[[ DATA EXTRACTS open ]]

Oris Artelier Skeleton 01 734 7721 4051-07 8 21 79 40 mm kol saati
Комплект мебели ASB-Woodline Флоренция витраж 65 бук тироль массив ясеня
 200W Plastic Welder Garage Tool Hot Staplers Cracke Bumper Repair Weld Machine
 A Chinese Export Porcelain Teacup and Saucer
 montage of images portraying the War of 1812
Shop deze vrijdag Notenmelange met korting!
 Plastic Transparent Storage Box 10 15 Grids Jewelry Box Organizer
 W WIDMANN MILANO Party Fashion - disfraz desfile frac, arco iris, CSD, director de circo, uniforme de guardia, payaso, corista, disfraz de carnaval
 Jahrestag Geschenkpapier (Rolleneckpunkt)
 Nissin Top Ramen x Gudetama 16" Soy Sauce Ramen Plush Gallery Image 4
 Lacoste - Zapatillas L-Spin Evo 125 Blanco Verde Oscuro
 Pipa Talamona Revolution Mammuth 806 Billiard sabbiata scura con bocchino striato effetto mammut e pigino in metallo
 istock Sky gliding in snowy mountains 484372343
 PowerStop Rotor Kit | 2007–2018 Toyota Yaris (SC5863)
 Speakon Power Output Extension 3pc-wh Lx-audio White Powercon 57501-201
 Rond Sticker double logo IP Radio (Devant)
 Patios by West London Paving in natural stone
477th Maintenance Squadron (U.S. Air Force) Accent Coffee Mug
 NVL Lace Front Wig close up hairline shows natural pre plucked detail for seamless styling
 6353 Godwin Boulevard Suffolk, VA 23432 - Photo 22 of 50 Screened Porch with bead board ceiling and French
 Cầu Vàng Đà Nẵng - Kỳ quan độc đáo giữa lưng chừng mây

[[ DATA EXTRACTS closed ]]

• [WHAT THE EXERCISE ASKS]: A word-for-word restatement of the lines running from the one with "Plastic Transparent Storage" to the last line of the records is the whole answer.

• [RESPONSE BOX]:
 Plastic Transparent Storage Box 10 15 Grids Jewelry Box Organizer
 W WIDMANN MILANO Party Fashion - disfraz desfile frac, arco iris, CSD, director de circo, uniforme de guardia, payaso, corista, disfraz de carnaval
 Jahrestag Geschenkpapier (Rolleneckpunkt)
 Nissin Top Ramen x Gudetama 16" Soy Sauce Ramen Plush Gallery Image 4
 Lacoste - Zapatillas L-Spin Evo 125 Blanco Verde Oscuro
 Pipa Talamona Revolution Mammuth 806 Billiard sabbiata scura con bocchino striato effetto mammut e pigino in metallo
 istock Sky gliding in snowy mountains 484372343
 PowerStop Rotor Kit | 2007–2018 Toyota Yaris (SC5863)
 Speakon Power Output Extension 3pc-wh Lx-audio White Powercon 57501-201
 Rond Sticker double logo IP Radio (Devant)
 Patios by West London Paving in natural stone
477th Maintenance Squadron (U.S. Air Force) Accent Coffee Mug
 NVL Lace Front Wig close up hairline shows natural pre plucked detail for seamless styling
 6353 Godwin Boulevard Suffolk, VA 23432 - Photo 22 of 50 Screened Porch with bead board ceiling and French
 Cầu Vàng Đà Nẵng - Kỳ quan độc đáo giữa lưng chừng mây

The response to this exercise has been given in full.